NVMe/f is different. NVMe commands and structures are transferred end-to-end, resulting in zero translation overhead, and only a very minimal amount for encapsulation. This design has allowed the NVMe/f developers to come within a few microseconds of matching direct-attached PCIe latency. What’s the impact of that?

The Case for External Storage

With NVMe over Fabrics, high performing, low latency flash storage can now be aggregated outside of servers, but accessed with latency that rivals an architecture where the devices are inside the servers. This means, among other things, hyperconverged-like performance and flexibility with shared storage-like overhead and economy. It’s literally the best of both worlds.
Performance isn’t the only consideration, however. While it may make sense to have a shared tier of extremely high performance storage that performs as if it was local, there’s still plenty of room in organizations for slower, cheaper storage. With that in mind, many storage experts propose the following architecture for future storage topologies. It will leverage both NVMe/f connected flash devices as well as more traditional SCSI-based block/file or object storage.
The flash devices at the top of the rack could be used for caching (as will be presented briefly) or it could be used as a sort of Tier 0 in a scenario where some sort of auto-tiering mechanism will promote and demote hot data to and from the top-of-rack flash.

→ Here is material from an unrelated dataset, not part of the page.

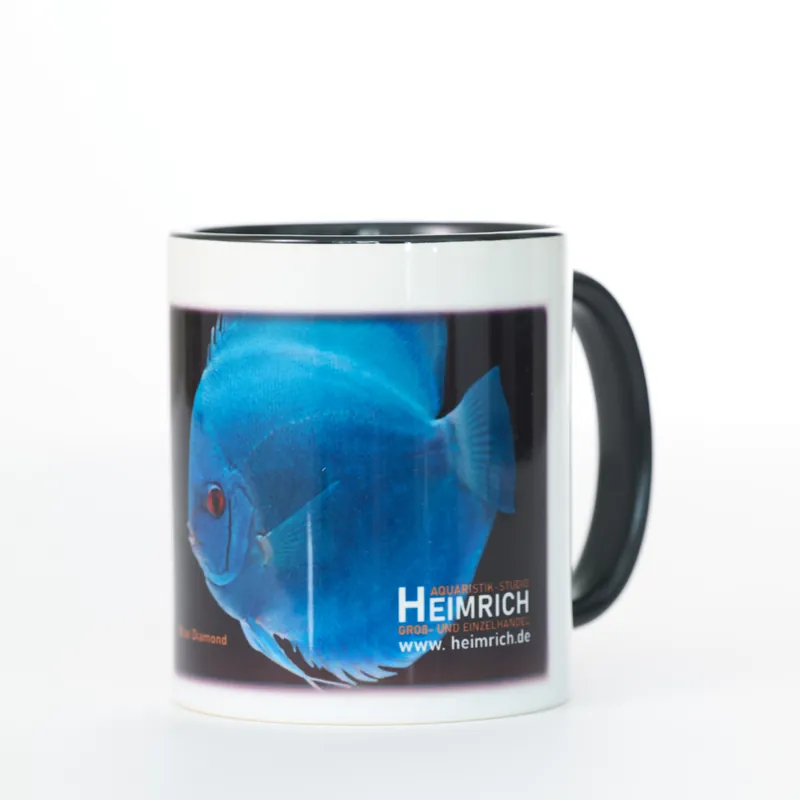 Neue Kollektion Foto-Tasse - Diskus Blue Diamond
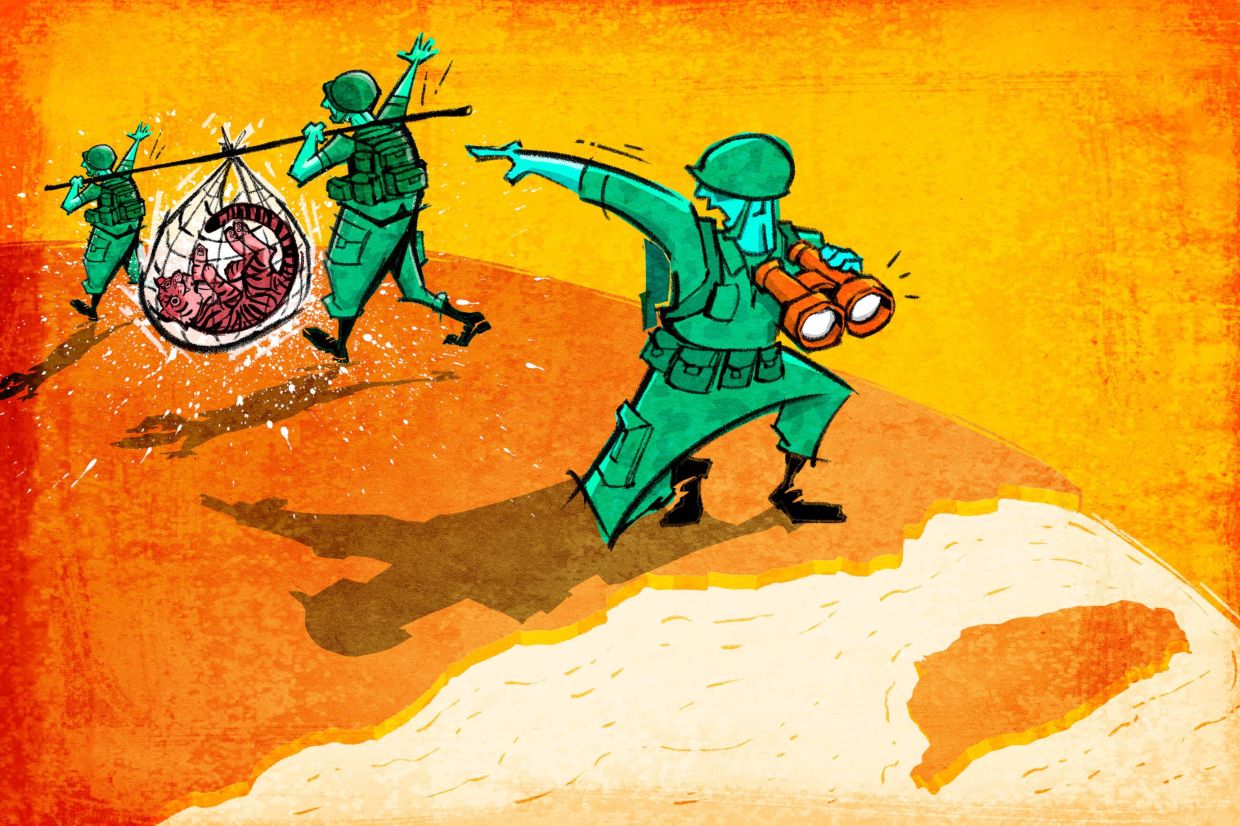 What does the fall of PLA top brass Zhang Youxia say about Beijing’s Taiwan plans?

NVMe/f connected TOR Flash and SCSI-based bottom-of-rack storage.

SanDisk’s Flash Virtualization System

As a practical example, the Flash Virtualization System that SanDisk presented is a perfect use of this technology. (I’m going to call it FVS for short – I’m not sure if their marketing documents follow that convention…)
The FVS makes use of FC and Infiniband today and the vSphere APIs for I/O Filtering that SanDisk helped VMware develop. Relevant to this article, it will also soon make use of NVMe over Fabrics technology to further increase performance and reduce latency. Serge explained the VAIO framework and features at the VMworld TFDx last year. VAIO allows third parties (like SanDisk) to install I/O filters at the vSphere host which allow the filtering of I/O without having to give those third parties access to run software in kernel mode.
The I/O filter running in the user world means that security and kernel stability are not compromised, yet a solution can be inserted directly into the storage path at the vSphere host level. In the case of FVS, this will be for the purpose of cacheing.

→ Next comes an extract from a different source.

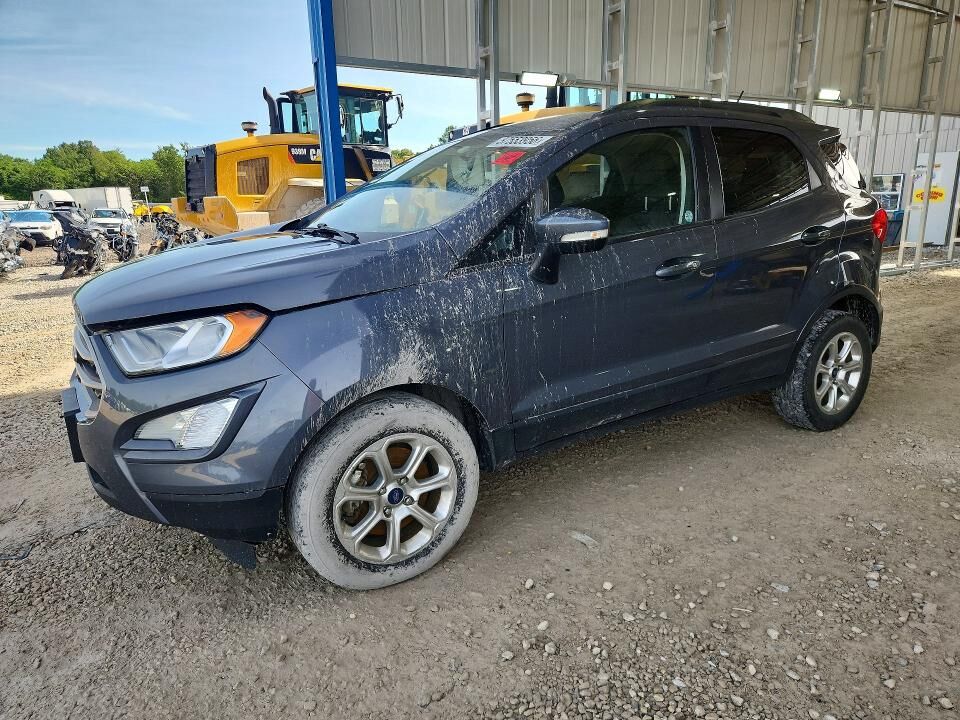 2021 FORD Ecosport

The Flash Virtualization System makes use of SanDisks FlashSoft 4 software, which works with any standard SSD attached via SATA, SAS, PCIe, or NVMe and supports vSphere 6-compatible datastores including VMFS and NFS. With this technology (and the help of SPBM, which it leverages) storage workloads can be accelerated via top-of-rack flash (or a more traditional design, too) on a per-vDisk level.
Because of the architecture, it’s pretty easy to test without any downtime, and because of the granularity with which it allows acceleration of workloads, administrators are afforded quite a bit of control when testing and implementing the product.
Learn more about SanDisk’s Flash Virtualization System here.

Does Any of This Spell the End of Hyperconvergence?

No, it doesn’t. Bear in mind that hyperconvergence as a data center architecture paradigm is less about placing storage inside of servers and more about combining services and features into one scalable, easily managed platform.
Whether SSDs are inside or outside of a server from a physical standpoint doesn’t really change the direction of where hyperconvergence is headed – the fundamental paradigm that makes it attractive is still completely viable.